Terza puntata – dopo “il prologo” e “l’interludio” – del minidossier dedicato alla storia della Lega, un movimento che ha segnato la sua presenza nel panorama politico italiano attraverso intolleranza, grossolanità e funambolismi.

La goccia che fa traboccare il vaso arriva con l’inizio del2012. In questo anno viene segnata la Caporetto padana al punto tale che la crisi del partito segnerà una totale rivoluzione nel sistema dirigenziale del carroccio.

Infatti vi è in concomitanza la crisi della seconda repubblica, quel sistema partitico che ha visto protagonista insieme a Berlusconila  stessa Lega.

In questo periodo, dopo un articolo pubblicato dal Secolo XIX, comincia ad emergere uno scenario a dir poco raccapricciante, di una politica sconsiderata e priva di fondamenta solide. Iniziano delle indagini su Francesco Belsito, tesoriere di partito, in merito a movimentazioni di denaro su conti esteri e rimborsi elettorali mal gestiti. Così con questo pretesto il famoso cerchio magico che aleggiava intorno alla figura di Bossi comincia ad indebolirsi, mentre il fido Bobo, che per anni è rimasto alla finestra a guardare, comincia a scalpitare. E via che cominciano a saltare le teste: Reguzzoni, Rosi Mauro, Borghezio tutti “uomini del presidente”, fino ad arrivare allo stesso Bossi.
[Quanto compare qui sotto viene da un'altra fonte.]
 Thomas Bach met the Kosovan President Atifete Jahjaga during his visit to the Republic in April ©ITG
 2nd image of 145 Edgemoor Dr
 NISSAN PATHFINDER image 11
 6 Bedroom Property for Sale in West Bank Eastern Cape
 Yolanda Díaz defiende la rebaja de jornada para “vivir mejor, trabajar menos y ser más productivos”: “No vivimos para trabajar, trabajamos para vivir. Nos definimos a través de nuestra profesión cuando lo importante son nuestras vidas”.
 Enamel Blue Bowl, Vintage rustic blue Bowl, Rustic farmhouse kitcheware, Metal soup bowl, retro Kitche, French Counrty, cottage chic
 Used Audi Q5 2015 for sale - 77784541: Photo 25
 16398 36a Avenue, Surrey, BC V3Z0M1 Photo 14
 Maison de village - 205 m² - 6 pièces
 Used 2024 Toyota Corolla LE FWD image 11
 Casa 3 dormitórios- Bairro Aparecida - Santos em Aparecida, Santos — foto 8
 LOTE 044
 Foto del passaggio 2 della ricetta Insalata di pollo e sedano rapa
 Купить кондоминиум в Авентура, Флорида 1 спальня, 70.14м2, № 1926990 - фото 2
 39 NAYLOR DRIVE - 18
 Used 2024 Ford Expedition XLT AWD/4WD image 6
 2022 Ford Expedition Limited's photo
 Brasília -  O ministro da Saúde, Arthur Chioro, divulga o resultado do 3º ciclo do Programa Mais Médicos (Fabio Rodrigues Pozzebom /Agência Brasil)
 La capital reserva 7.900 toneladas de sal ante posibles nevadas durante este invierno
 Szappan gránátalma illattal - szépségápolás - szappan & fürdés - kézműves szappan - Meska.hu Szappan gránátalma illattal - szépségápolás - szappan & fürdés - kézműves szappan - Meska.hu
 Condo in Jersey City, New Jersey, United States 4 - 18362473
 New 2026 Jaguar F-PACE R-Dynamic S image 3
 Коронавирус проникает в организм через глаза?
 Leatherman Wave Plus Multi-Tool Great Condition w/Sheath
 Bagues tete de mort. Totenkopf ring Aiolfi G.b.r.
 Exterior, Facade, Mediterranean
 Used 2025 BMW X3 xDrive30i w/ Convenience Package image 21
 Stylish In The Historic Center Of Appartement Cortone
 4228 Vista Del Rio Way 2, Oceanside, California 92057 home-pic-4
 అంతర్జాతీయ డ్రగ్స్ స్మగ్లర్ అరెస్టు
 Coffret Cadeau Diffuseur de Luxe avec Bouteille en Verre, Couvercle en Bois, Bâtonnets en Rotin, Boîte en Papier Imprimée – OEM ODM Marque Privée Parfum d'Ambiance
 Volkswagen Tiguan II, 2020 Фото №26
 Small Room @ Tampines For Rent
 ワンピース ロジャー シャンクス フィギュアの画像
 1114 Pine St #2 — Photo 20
Lo scandalo sui rimborsi elettorali mostra un partito che non è riuscito a cogliere nulla dalla cenere dei partiti primorepubblicani sulla quale si è fondata, inserendosi agiatamente nel peggio della politica italiana.

Gli scandali hanno evidenziato la totale incongruenza del partito: tutto ciò contro cui lottavano (centralismo, casta e sprechi di denaro pubblico) sono diventati lo stagno dentro cui sguazzare indisturbati.

In questo turbine scandalistico diventa predominante la figura di Roberto Maroni, autoincoronatosi successore di Bossi, con il “sacro” compito di fare pulizia nel partito.

L’idea di un totale cambio di rotta non è stata condizione sufficiente per far uscire dall’impasse il partito. Così a risposta dell’elettorato, come sappiano, non si è fatta attendere e le recenti elezioni amministrative hanno mostrato tutta la sfiducia dei cittadini verso un movimento incapace di rispondere a quella voce di maggior indipendenza che nonostante tutto si levava dalle valli del Nord Italia.

Ora l’azzeramento della vecchia dirigenza padana a favore del “Barbaro” Maroni è l’arma per la riconquista della fiducia politica ed elettorale necessaria alla sopravvivenza del movimento.

Stanno tentando di rispolverare gli slogan degli anni novanta che resero fortuna al partito, ma senza particolare successo. Sicuramente la recente crisi prima economica e poi politica del nostro paese ha permesso di chiudere un ciclo, quello della seconda repubblica, che non ha forse imparato dagli errori dei suoi predecessori. In questo contesto la Lega, partito che si presentò all’origine come messaggero di innovazione nel modo di far politica in Italia, non ha fatto altro che allinearsi con quella parte malata del sistema perdendo la sua attendibilità e la sua vitalità e lasciando ai posteri solo il ricordo di un movimento nato su fragili presupposti e imploso a causa dei suoi stessi limiti politici.